Obama landed in Warsaw for celebrations of the 25th anniversary of Poland's first free elections that put both the country and the rest of eastern Europe on a path out of Moscow's orbit and toward democracy and growing economic prosperity.

But his first big meeting will come tomorrow when he meets Ukraine's embattled president-elect Petro Poroshenko with the ex-Soviet state threatened by civil war and its new pro-Western leadership grasping for protection from Washington.
 

The seven-week pro-Russian insurgency in Ukraine's eastern rust belt grew only more violent after Poroshenko swept to power in a May 25 presidential ballot on a promise to quickly end fighting and save the nation of 46 million from economic collapse.
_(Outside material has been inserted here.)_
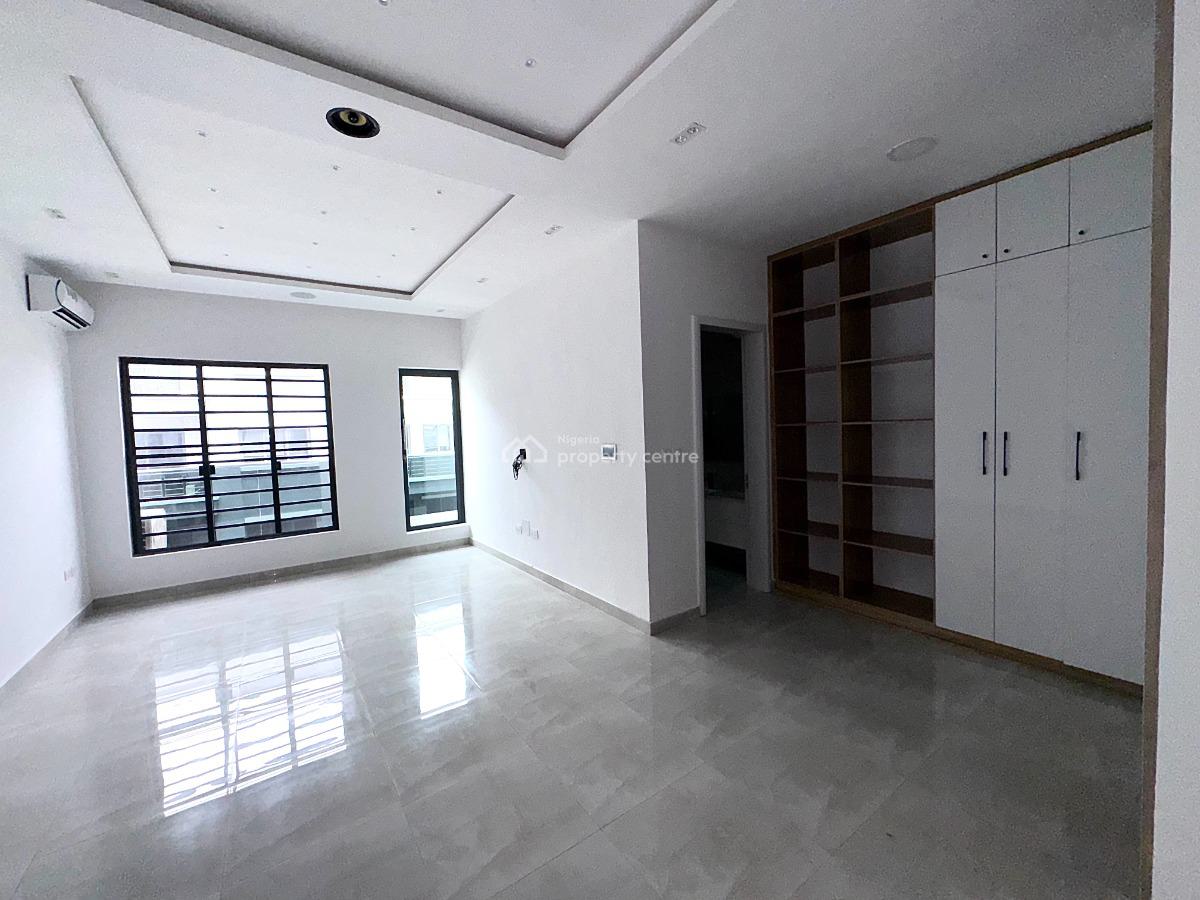 Fully Finished 4 Bedroom Terrace Duplex, Oniru, Victoria Island (vi), Lagos, Terraced Duplex for Sale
Hundreds of separatist gunmen staged one of their biggest offensives to date yesterday by attacking a Ukrainian border guard service camp in the Russian border region of Lugansk.

Ukraine's military reported suffering no fatalities and killing five rebels in a day-long battle that saw insurgents pelt the camp with mortar fire and deploy snipers on rooftops surrounding the base.

But Lugansk's self-declared "prime minister" Vasyl Nikitin told AFP that at least three civilians and the separatist administration's top health official had died in the violence.

Ukraine's interior minister today urged civilians across parts of the neighbouring coal mining region of Donetsk to stay indoors "in order to avoid risking their lives".

Arsen Avakov wrote on Facebook that a "very intense gunfight" was raging this morning in the small Donetsk region town of Semenivka.

Washington's commitment to Ukraine will be reinforced when US Vice President Joe Biden travels to Kiev on Saturday to attend Poroshenko's swearing in as the fifth post-Soviet president of Ukraine.

The visit is meant to underscore the US position that the people of Ukraine - and not Moscow - should decide their destiny and overcome the cultural differences now tearing apart the vast country's Russified east and more nationalist west.

Kiev has not yet invited any Moscow official to the inauguration and Russian President Vladimir Putin is yet to formally recognise the result of an election that saw rebels disrupt voting across swathes of the east.